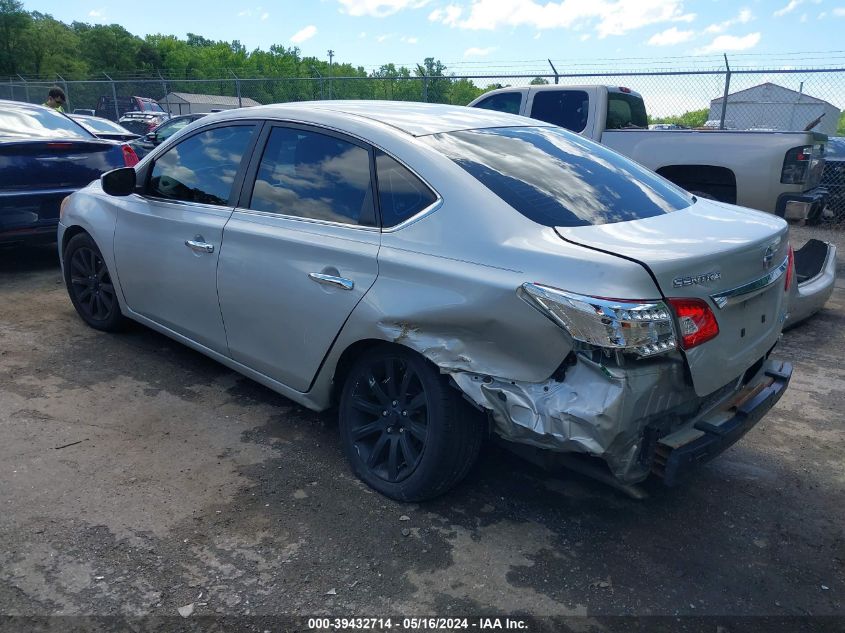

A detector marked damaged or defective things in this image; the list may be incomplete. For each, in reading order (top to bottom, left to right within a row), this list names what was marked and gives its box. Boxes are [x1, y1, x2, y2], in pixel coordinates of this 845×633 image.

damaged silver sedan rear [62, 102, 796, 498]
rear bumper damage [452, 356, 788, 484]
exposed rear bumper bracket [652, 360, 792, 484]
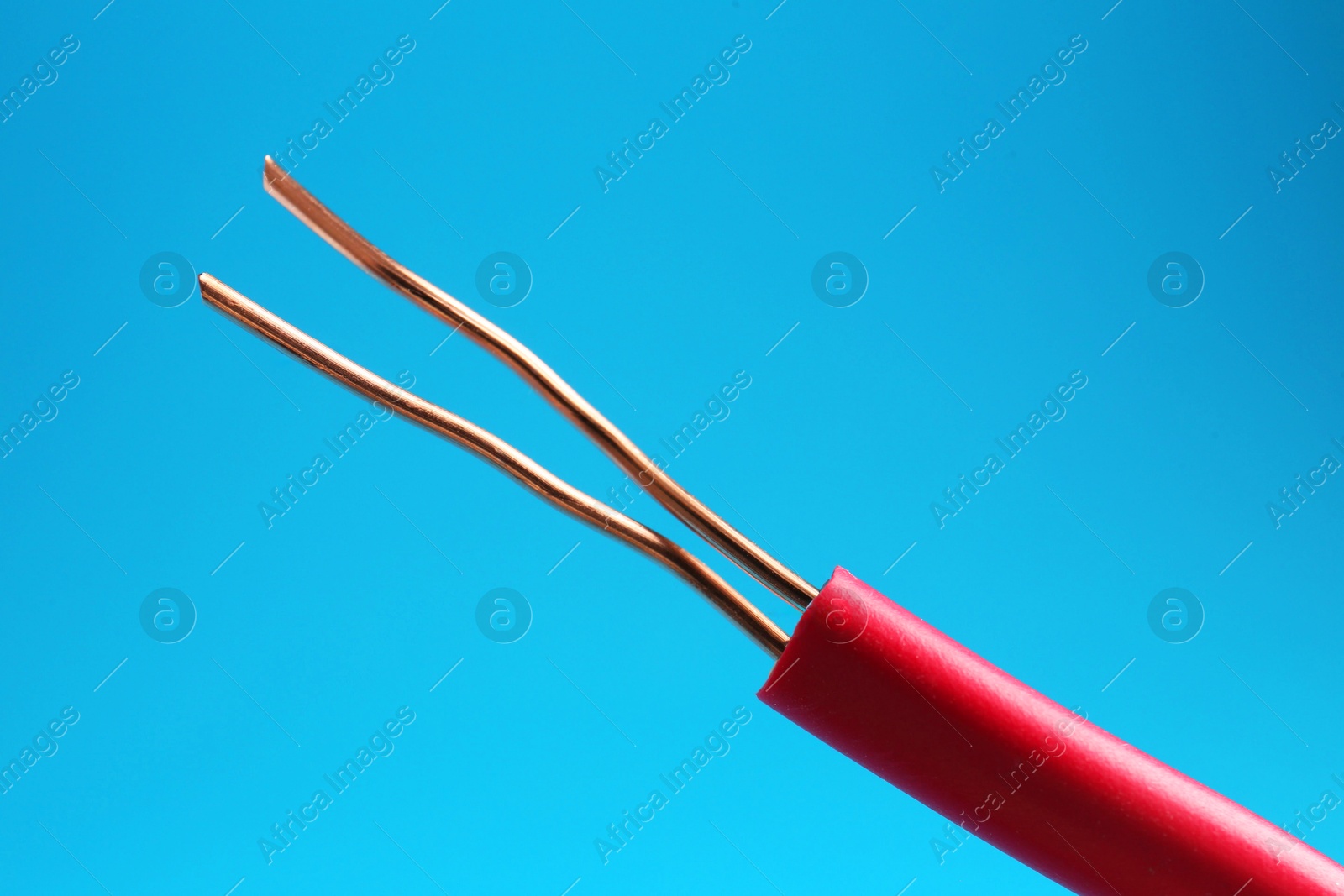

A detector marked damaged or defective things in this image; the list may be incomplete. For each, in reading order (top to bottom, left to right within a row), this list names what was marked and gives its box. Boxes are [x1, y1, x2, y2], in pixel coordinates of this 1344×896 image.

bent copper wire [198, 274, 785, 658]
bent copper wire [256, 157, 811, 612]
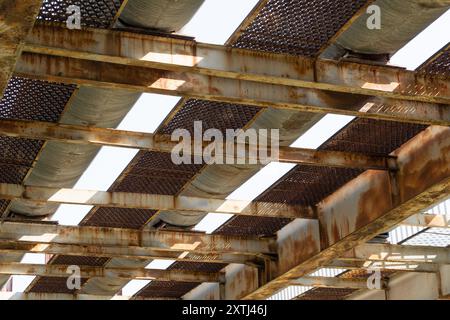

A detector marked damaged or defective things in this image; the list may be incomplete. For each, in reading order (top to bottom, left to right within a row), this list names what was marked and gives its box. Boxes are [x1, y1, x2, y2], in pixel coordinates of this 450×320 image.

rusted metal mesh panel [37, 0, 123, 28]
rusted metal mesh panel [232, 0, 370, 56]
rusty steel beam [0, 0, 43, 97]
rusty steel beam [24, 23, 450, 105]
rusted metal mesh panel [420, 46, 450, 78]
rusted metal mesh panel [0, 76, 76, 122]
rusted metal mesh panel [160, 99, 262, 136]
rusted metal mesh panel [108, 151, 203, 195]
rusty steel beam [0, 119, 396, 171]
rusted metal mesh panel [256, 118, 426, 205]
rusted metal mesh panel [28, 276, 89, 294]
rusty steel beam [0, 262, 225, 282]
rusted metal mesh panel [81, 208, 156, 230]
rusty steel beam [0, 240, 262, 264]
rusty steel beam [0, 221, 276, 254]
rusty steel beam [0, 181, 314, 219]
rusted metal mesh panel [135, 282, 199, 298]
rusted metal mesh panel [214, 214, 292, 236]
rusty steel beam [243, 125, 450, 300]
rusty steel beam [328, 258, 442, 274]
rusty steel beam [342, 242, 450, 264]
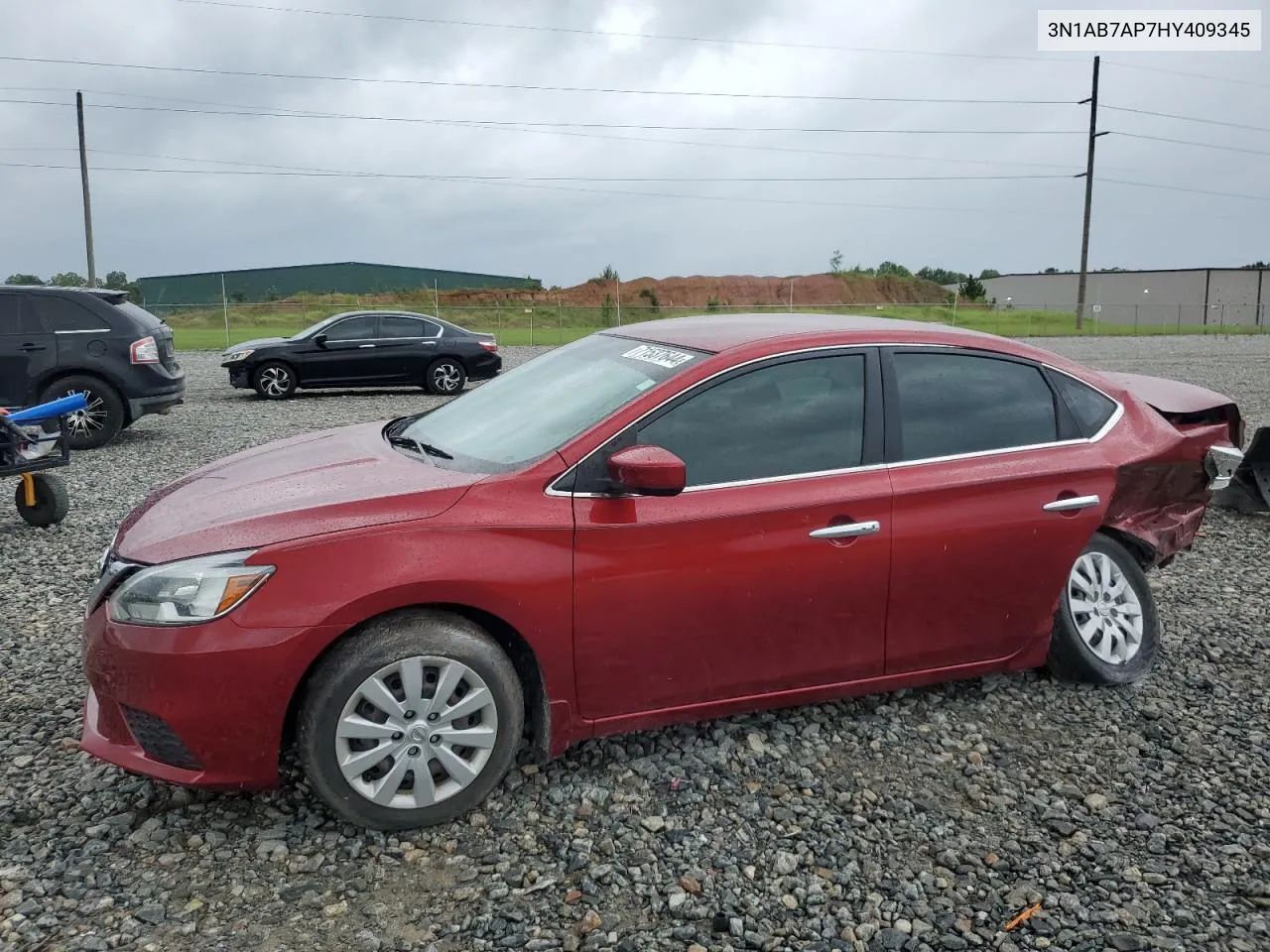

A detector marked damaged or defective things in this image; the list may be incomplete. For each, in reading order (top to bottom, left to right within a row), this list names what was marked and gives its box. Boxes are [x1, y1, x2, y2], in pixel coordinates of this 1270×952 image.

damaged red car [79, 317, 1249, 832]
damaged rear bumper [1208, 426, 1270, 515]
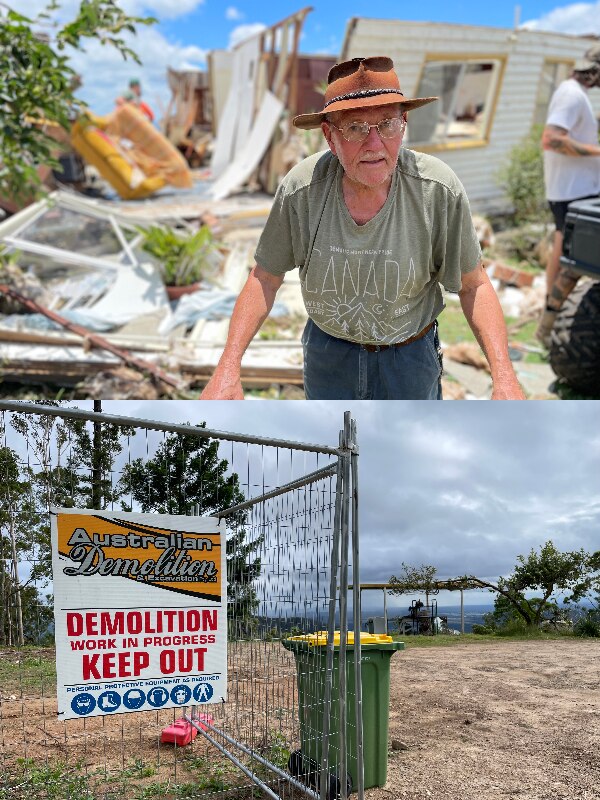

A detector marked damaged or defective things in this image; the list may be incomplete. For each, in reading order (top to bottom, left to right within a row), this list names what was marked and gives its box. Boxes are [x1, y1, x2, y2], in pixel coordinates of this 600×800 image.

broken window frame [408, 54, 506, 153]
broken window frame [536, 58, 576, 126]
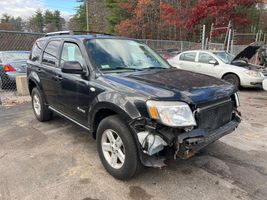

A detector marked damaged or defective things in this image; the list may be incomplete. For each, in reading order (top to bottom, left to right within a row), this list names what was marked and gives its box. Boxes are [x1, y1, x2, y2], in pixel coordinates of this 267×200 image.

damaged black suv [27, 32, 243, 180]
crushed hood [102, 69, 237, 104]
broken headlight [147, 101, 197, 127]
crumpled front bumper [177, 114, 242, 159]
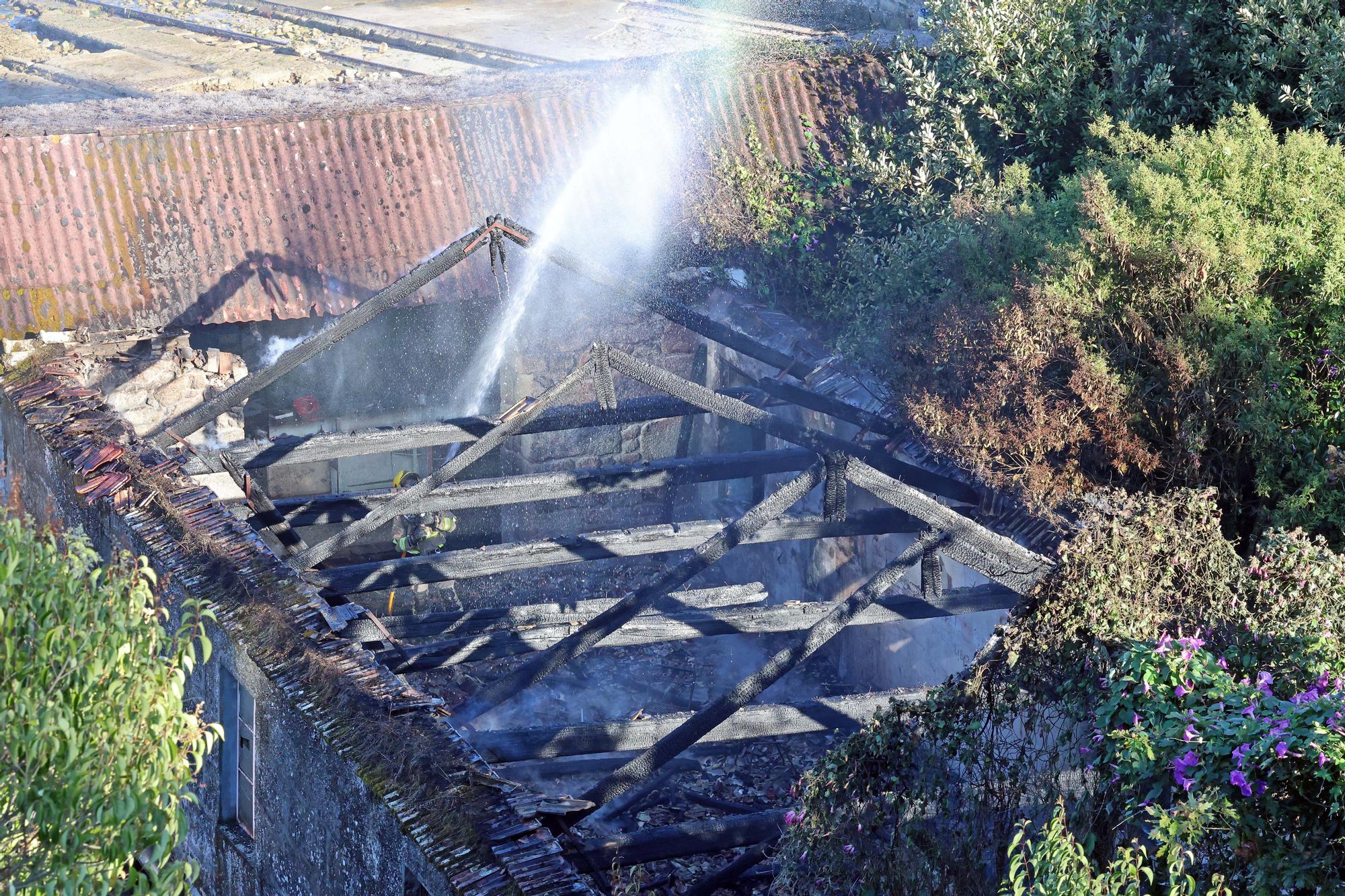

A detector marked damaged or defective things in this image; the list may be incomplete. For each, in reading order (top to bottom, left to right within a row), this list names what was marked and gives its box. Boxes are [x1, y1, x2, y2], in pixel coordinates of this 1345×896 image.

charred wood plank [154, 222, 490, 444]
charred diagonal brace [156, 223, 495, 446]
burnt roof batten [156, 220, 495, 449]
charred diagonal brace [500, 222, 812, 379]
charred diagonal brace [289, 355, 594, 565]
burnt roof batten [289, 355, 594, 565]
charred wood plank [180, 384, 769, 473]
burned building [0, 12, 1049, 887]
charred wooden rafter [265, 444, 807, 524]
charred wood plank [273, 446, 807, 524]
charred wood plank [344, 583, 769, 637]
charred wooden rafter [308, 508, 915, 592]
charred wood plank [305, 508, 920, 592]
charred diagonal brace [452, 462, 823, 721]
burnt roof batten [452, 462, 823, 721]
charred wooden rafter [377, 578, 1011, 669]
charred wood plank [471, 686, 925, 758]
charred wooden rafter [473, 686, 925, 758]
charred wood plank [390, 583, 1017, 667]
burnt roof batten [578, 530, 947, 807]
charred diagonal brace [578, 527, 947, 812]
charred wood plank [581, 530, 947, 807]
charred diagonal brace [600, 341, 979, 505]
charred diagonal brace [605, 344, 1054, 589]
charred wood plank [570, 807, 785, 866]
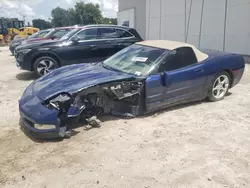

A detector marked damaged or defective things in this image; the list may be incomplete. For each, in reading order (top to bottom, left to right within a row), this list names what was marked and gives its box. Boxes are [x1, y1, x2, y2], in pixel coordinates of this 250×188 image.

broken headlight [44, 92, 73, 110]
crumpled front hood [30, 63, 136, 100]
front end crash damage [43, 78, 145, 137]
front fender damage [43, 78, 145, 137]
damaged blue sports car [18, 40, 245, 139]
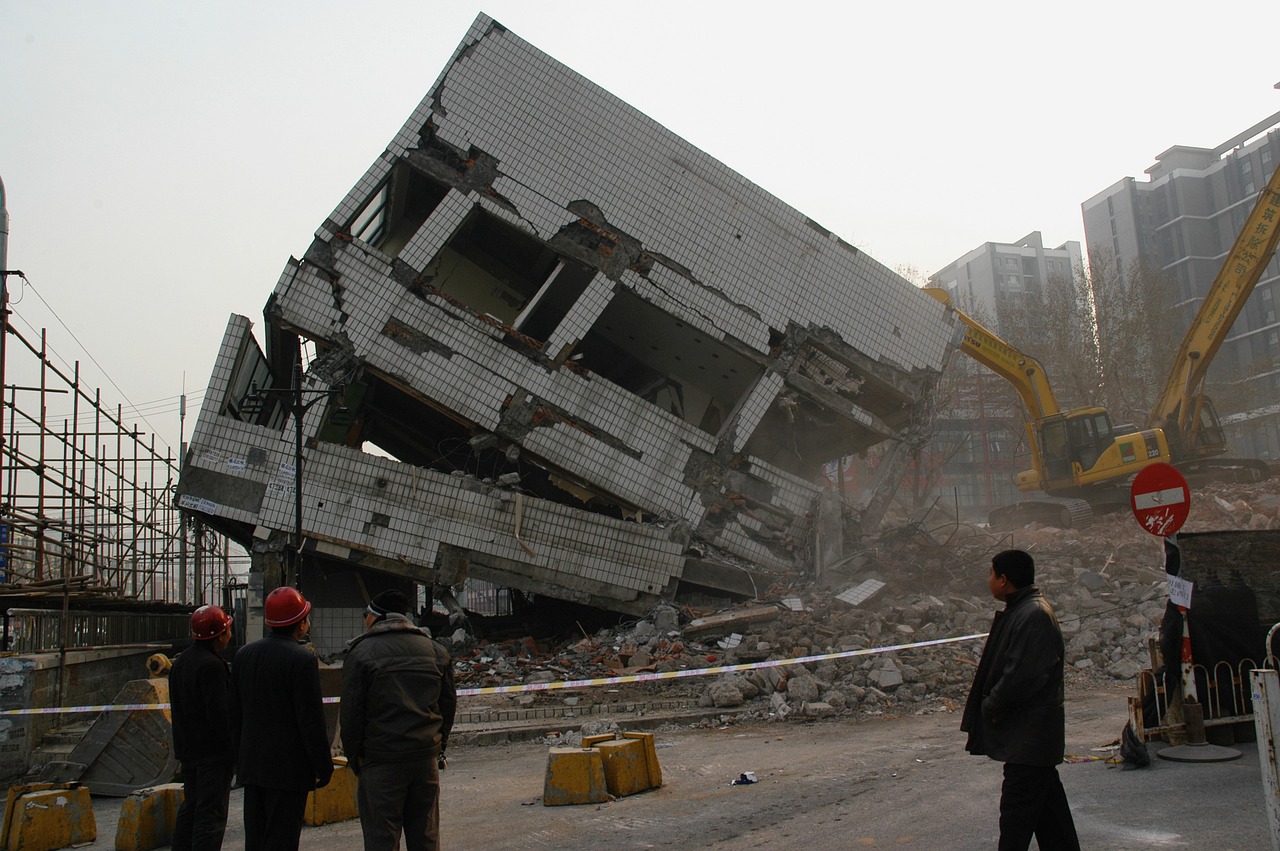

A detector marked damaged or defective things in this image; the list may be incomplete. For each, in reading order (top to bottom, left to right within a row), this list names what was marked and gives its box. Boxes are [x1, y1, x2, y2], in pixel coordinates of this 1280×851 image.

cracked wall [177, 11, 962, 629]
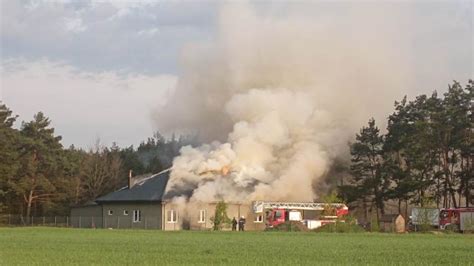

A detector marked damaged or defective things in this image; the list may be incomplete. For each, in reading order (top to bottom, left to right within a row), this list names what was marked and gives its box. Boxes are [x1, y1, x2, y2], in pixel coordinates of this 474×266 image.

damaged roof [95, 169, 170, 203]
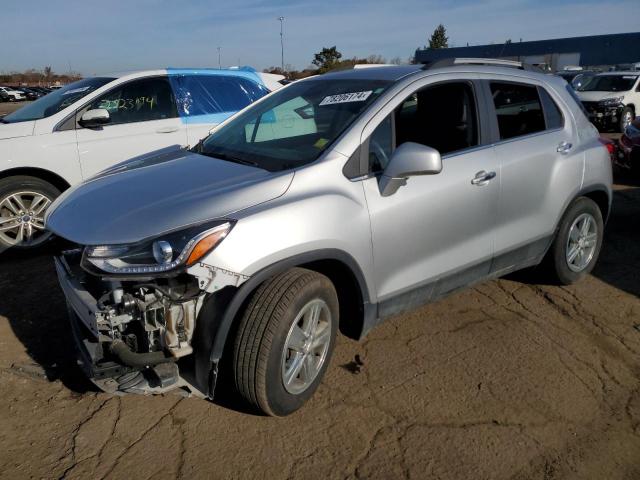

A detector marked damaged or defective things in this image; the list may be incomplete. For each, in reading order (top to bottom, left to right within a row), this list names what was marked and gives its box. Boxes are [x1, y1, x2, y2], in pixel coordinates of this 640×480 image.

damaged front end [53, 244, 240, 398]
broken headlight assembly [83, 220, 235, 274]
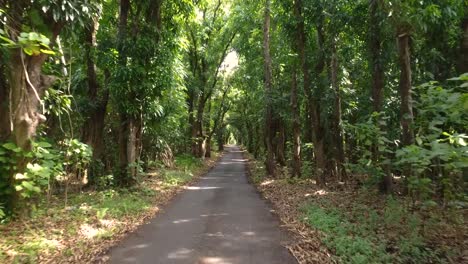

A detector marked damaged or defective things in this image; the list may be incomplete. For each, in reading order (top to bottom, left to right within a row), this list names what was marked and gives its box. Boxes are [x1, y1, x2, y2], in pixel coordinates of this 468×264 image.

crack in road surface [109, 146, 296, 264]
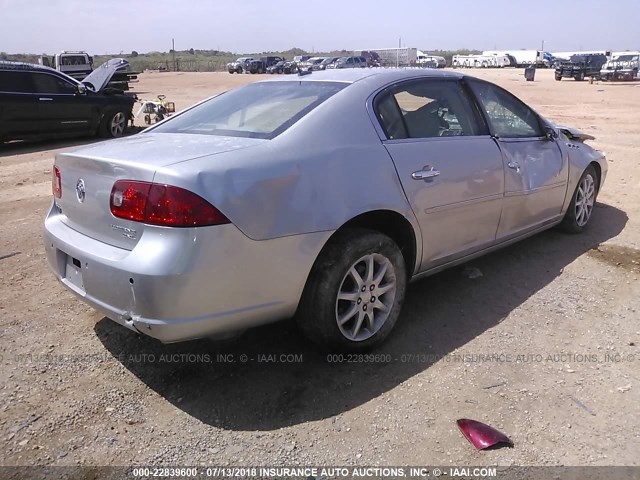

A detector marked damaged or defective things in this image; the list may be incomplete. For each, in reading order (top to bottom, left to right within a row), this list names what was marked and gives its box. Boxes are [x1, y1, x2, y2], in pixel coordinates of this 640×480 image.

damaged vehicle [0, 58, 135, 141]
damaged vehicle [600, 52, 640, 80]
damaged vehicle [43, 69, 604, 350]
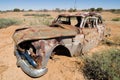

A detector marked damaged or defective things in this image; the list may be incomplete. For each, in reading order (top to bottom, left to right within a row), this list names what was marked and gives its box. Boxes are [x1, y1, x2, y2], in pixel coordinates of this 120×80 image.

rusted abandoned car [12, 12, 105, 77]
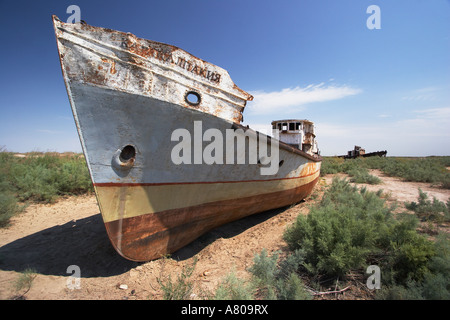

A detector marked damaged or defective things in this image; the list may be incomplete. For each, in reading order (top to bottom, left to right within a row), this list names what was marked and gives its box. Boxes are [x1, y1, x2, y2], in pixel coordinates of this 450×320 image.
***
Exactly the lines from the line that contains "this 120×80 image." through the last line above, and no other lines, must be output, with pictures excluded.

A detector marked damaged or defective things in this image; the list may be incomplete. For each, in reading order (top to bottom, left to right within a row), this list names what was marked and gives its box. Boxes are [x1, y1, x2, y2], in pixel coordinates of this 120×80 image.

rusted abandoned car [12, 12, 105, 77]

A detector marked damaged or defective things in this image; the list may be incomplete. For each, in reading order (top to bottom, left to right within a row), this list names what was marked and gives its box. Boxes are [x1, y1, x2, y2], in pixel coordinates of this 450×320 image.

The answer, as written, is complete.